The Writer's Craft and Scotch Whiskey

Is it a surprise to anyone that I am a classic Type A personality? Yes, the upholstered chair at my desk frays along the front, not the back. When I focus on a client, it’s intense, eyes in compassion, but still intense. I don’t meander; I storm. My actions reflect layers of quickly reasoned thoughts, not tending to linger on the single thought in great depth.

I don’t write short stories, but for assignments at the Univ. of IA summer program, I am forced into its tightly knit form. I learn a great deal as I organize my thoughts, reach for the concepts and writer craft skills I have and I’m learning. They give me a chance to see what I’ve accomplished on a few pages. One such work, I’m cultivating, revising, and eying for my annual contender for the Zoetrope: All-Short Story Contest. I do this without any thought or hope of recognition, but more of a final school exam, a statement of my growth.

This year, two writing projects intersected and gave me pause. One a nonsense, fun piece for an acquaintance about reviews and scotch whiskey—okay, you had to be there… The other was this short story, Eden.
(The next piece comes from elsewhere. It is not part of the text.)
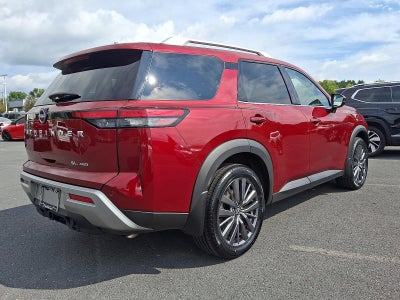 2024 Nissan Pathfinder SL
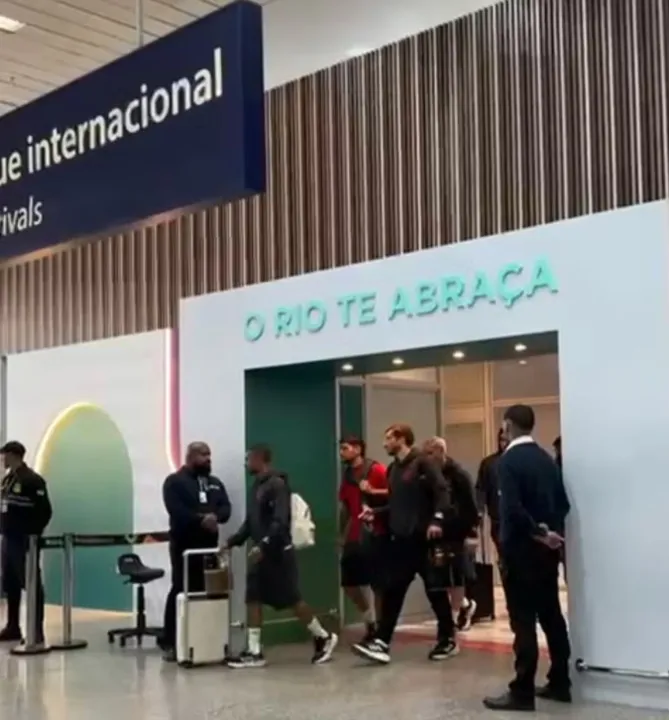 Flamengo desembarca no Rio após classificação para final da Libertadores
After Eden’s time in the corner, in the drawer in writer's vernacular--that recommended writer’s rest and pause, this time rather than picking it up, attacking it with vigor, and devouring it, I read it through the eyes of that master brewer, deep in his caves, testing his kegs in the cold, bitter winter time, imagining the spring. The deep draw of breath from each glass, the first virgin taste on one, the middle-aged ripeness on another, and then heavenly, fully aged flavor of the cream—aged ten, fifteen, more years. Reminiscing on the smoky flavor, the subtle blend, the gentle timeless aging in a keg traveled with me into my revision of Eden—an incident unprecedented.

Being type A, these moments do not settle easily around me, but when they do, when I find that peace, when I find that time for being in the moment—it is a delicious and wondrous time, and the work does well for it.